At the film's London premiere the night before we meet, there was a group who'd made a banner showing pictures of people who'd died while stuck in the benefits system.
"They say their death is linked to the fact they'd been sanctioned and had no money, people committing suicide," says Loach.
Also present at the 'people's premiere' was Jeremy Corbyn, who Loach has known "for years".
In fact, the film-maker sees the beleaguered Labour leader as the answer to much of the mess which Britain finds itself in.
"It seems to me the only way through the morass is a Labour party led by Jeremy Corbyn – they would end the assessments and re-examine the whole sanctions issue," says Loach. "But more particularly, there would be public investment in jobs, in real industrial jobs, in the areas that are blighted like the north east [of England] and other parts of [Britain] where the jobs have gone.
"Everybody's got to make a contribution and everyone's got to get a proper wage for it that they can live on, get a house with it, bring a family up and live in dignity like they used to. Everything else is a palliative.
"Certainly, Labour under Blair and Brown had no plan for that; they allowed the areas to rot. Business won't go there unless they can make a profit out of a vulnerable workforce on zero hours' contracts and agency work that you can turn on and off like a tap."
It's been 50 years since Loach's seminal 'social realist' drama Cathy Come Home, a tale of one family's descent into poverty, was first shown on BBC One.
Watched by 12 million people in November 1966 – a quarter of the British population at the time – it stunned viewers, as issues such as homelessness and unemployment had never really been discussed before. Such was its impact, the charity Crisis was set up the following year.
Loach has said he "prefers the days of Cathy" when the world was "more congenial, with a stronger sense of social responsibility".
He and his wife, Lesley, have 10 grandchildren ("nearly a football team") – and he admits he worries for their future.
"With 10, it's very hard to see how everyone will get through unscathed. Whether they'll all find jobs and somewhere to live, and all do what you'd hope they would do. It's very hard to imagine.
"Inevitably, they're forced into this competitive thing of trying to get the best exams, because that's the world they're in. But it's not the only way to succeed. Some may be lovely people, but they may not be great at exams, so they will then suffer and why should they? Everyone's got a place and a contribution, and you want to cherish everybody.

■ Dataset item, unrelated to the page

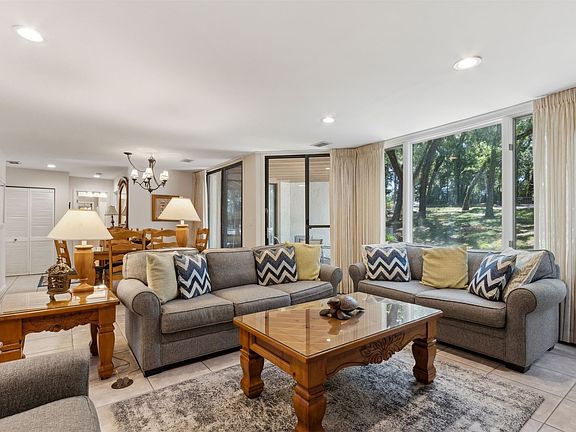 2nd image of 2326/2328 Boxwood Ln #2326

"We can't say, 'Every child should be treated equally', and then keep a divisive education system and large areas with nothing for anybody to do."
Loach would like people who watch I, Daniel Blake to "see the world through his eyes" and then ask "the big questions", like: "Why are we living like this? Why are the government behaving like this?"
As for what's next, he's not sure there will be another film.
"Paul and I are talking about stuff all the time, but whether I'll be able to do another... My missus gets fed up with me being away all the time, I don't know if I'll get another one done," says Loach.
"I'll have to wait and see."
:: I, Daniel Blake is in cinemas now.